HAProxy 'home' Load Balancer
Introduction:
I've done a few posts in the past about using nginx as a reverse proxy / loadbalancer, however I thought I'd look into HAProxy as a possible alternative to some of the issues I was facing. Such issues include:
- nginx failing to start if downstream services are not online.
- Site configuration is tricky, it's spread out between lots of files (1 per site).
- LetsEncrypt integration - I was using a docker images provided by linuxserver.io (A fantastic site), but the container did a lot more than I really wanted it to. There will be another post on my LetsEncrypt setup after this one.
- I wanted some sort of status page for internal services
While this isn't exactly an extensive list, and I may have been able to solve some of these without switching to HAProxy, I like keeping my knowledge up in these various areas.
Existing Setup:
It makes little sense to explain a new solution without first explaining the old one.

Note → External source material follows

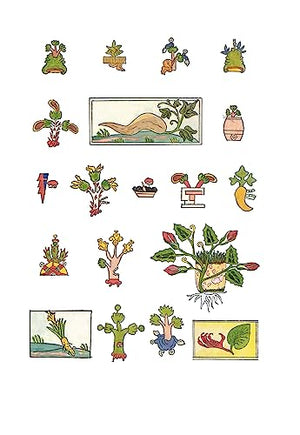 An Aztec Herbal: The Classic Codex Of 1552,New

First and foremost, I am not actually load balancing. I am routing traffic to different servers based on an incoming domain name, why do you say?

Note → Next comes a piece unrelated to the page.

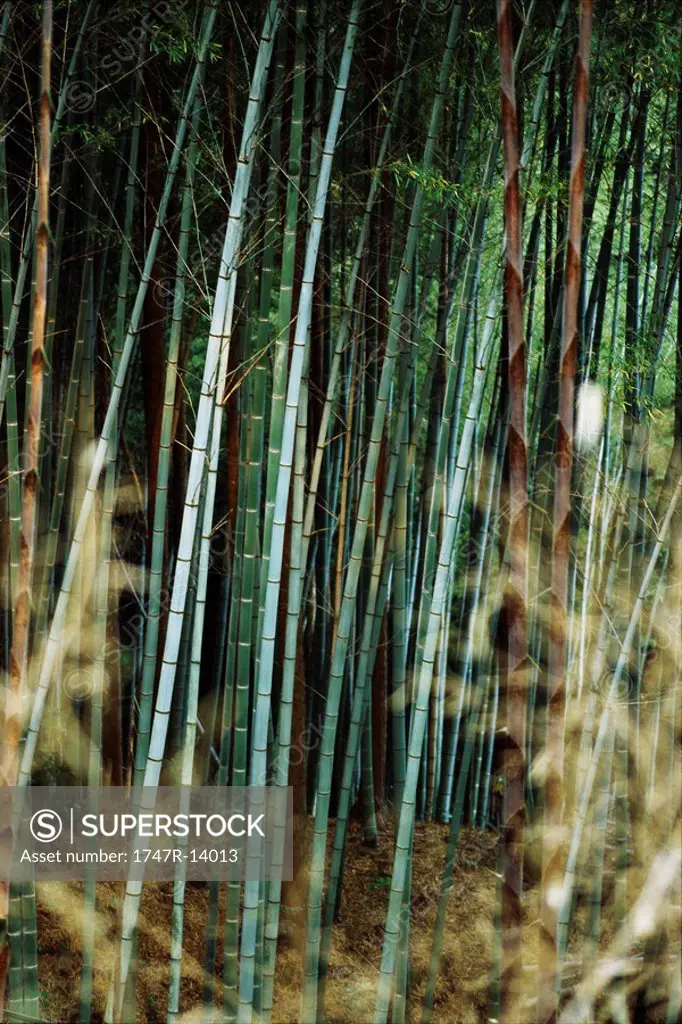 Bamboo grove, Japan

Well, as a home environment I have a single IP address. I run multiple services (web based). How do you share the single port 80 / 443 available to these services between all of the different machines?

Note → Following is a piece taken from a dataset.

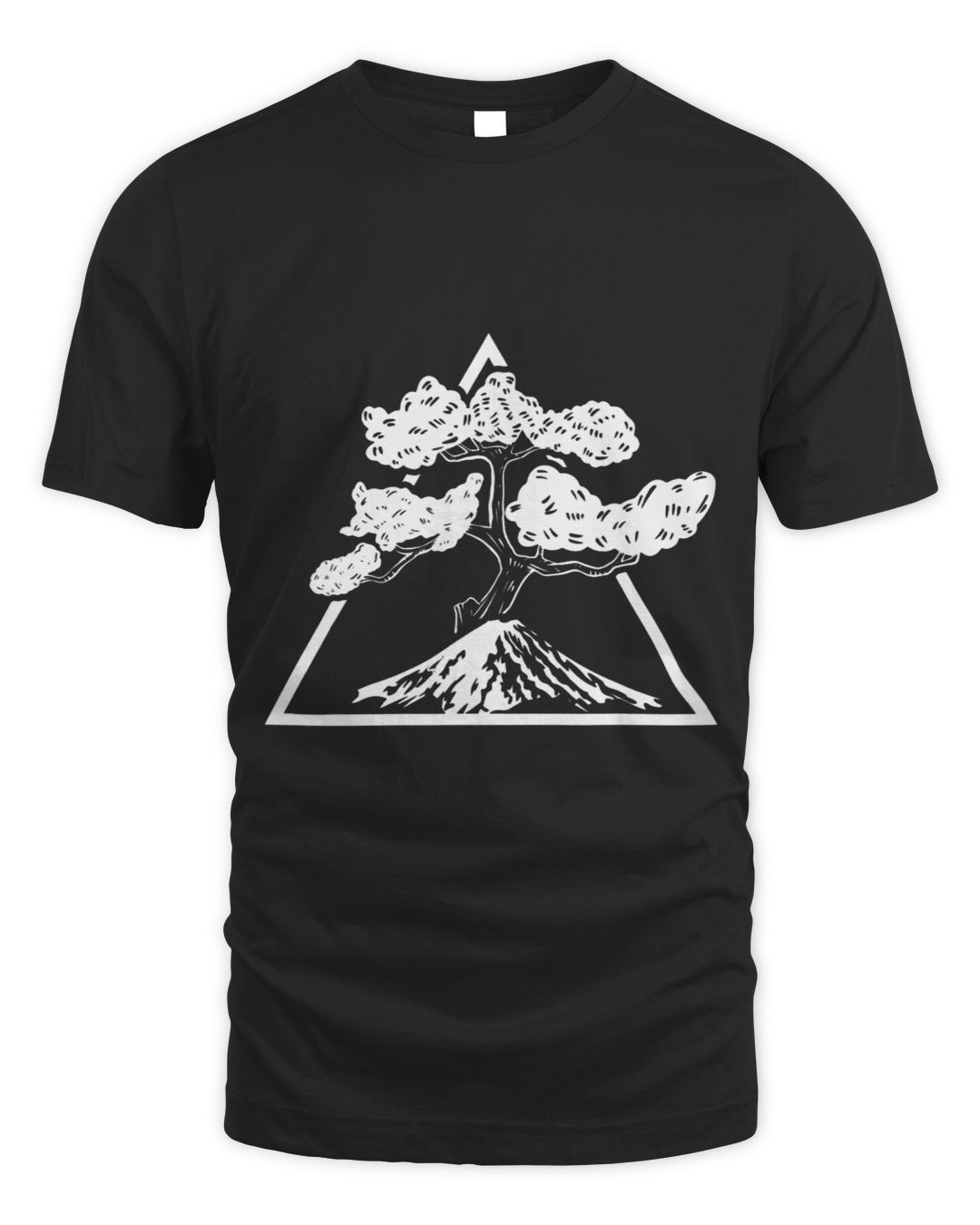 Japanese Cherry Blossom Tree Sakura Bonsai Japan Nature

I could put all of these services on a single webserver (or most of them), but this is painful and requires a complete re-work of a lot of things I run. Many things which are running are individual docker images and run their own instance of a webserver, so integrating these together would create a single large and complex beast which I don't want to have to manage.
So, nginx was to the rescue! By using nginx in reverse proxy mode I can use multiple domain names (blog.dchidell.com, site-a.dchidell.com, site-b.dchidell.com etc) and then based on these domains I can send those requests off to their corresponding webserver running as docker containers. I've been doing this for a while.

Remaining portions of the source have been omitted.